### [SOURCE MATERIAL]
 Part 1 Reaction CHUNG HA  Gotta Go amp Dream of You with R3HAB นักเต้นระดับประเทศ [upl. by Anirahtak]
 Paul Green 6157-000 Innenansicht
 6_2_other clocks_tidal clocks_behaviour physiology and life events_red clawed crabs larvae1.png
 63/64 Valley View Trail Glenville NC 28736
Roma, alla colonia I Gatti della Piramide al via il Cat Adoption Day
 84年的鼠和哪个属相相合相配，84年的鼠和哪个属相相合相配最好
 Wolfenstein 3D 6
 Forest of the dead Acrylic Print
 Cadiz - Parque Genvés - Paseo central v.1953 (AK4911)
...
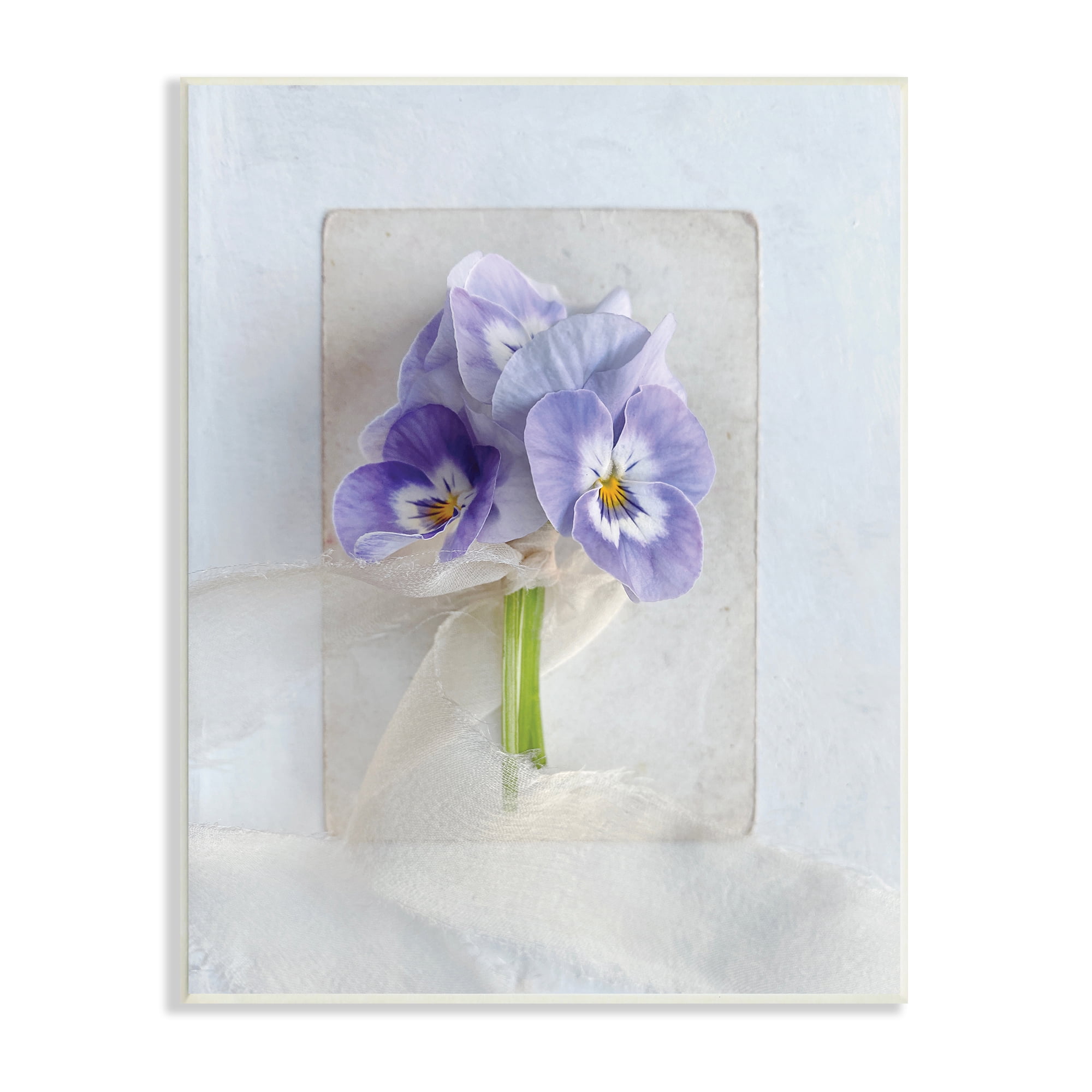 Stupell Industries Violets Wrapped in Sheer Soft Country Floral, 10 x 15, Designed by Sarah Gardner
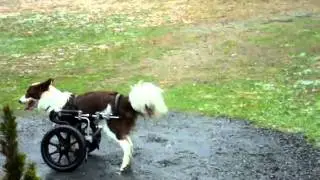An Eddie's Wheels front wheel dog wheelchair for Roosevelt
--
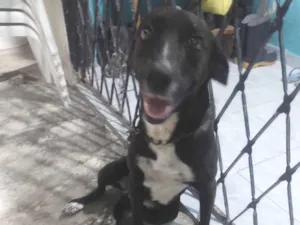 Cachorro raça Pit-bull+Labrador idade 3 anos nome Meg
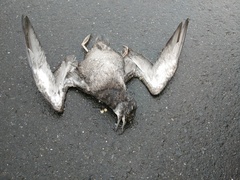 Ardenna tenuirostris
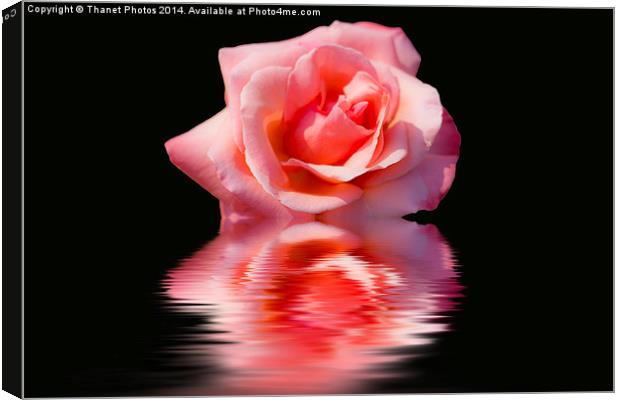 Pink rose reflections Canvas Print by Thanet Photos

### [WHAT THE TASK REQUIRES]
Everything from the line with "Part 1 Reaction" through the line with "Cadiz - Parque" should be written out exactly as it appears above, end lines included, and nothing outside that range.

### [WRITTEN RESPONSE]
 Part 1 Reaction CHUNG HA  Gotta Go amp Dream of You with R3HAB นักเต้นระดับประเทศ [upl. by Anirahtak]
 Paul Green 6157-000 Innenansicht
 6_2_other clocks_tidal clocks_behaviour physiology and life events_red clawed crabs larvae1.png
 63/64 Valley View Trail Glenville NC 28736
Roma, alla colonia I Gatti della Piramide al via il Cat Adoption Day
 84年的鼠和哪个属相相合相配，84年的鼠和哪个属相相合相配最好
 Wolfenstein 3D 6
 Forest of the dead Acrylic Print
 Cadiz - Parque Genvés - Paseo central v.1953 (AK4911)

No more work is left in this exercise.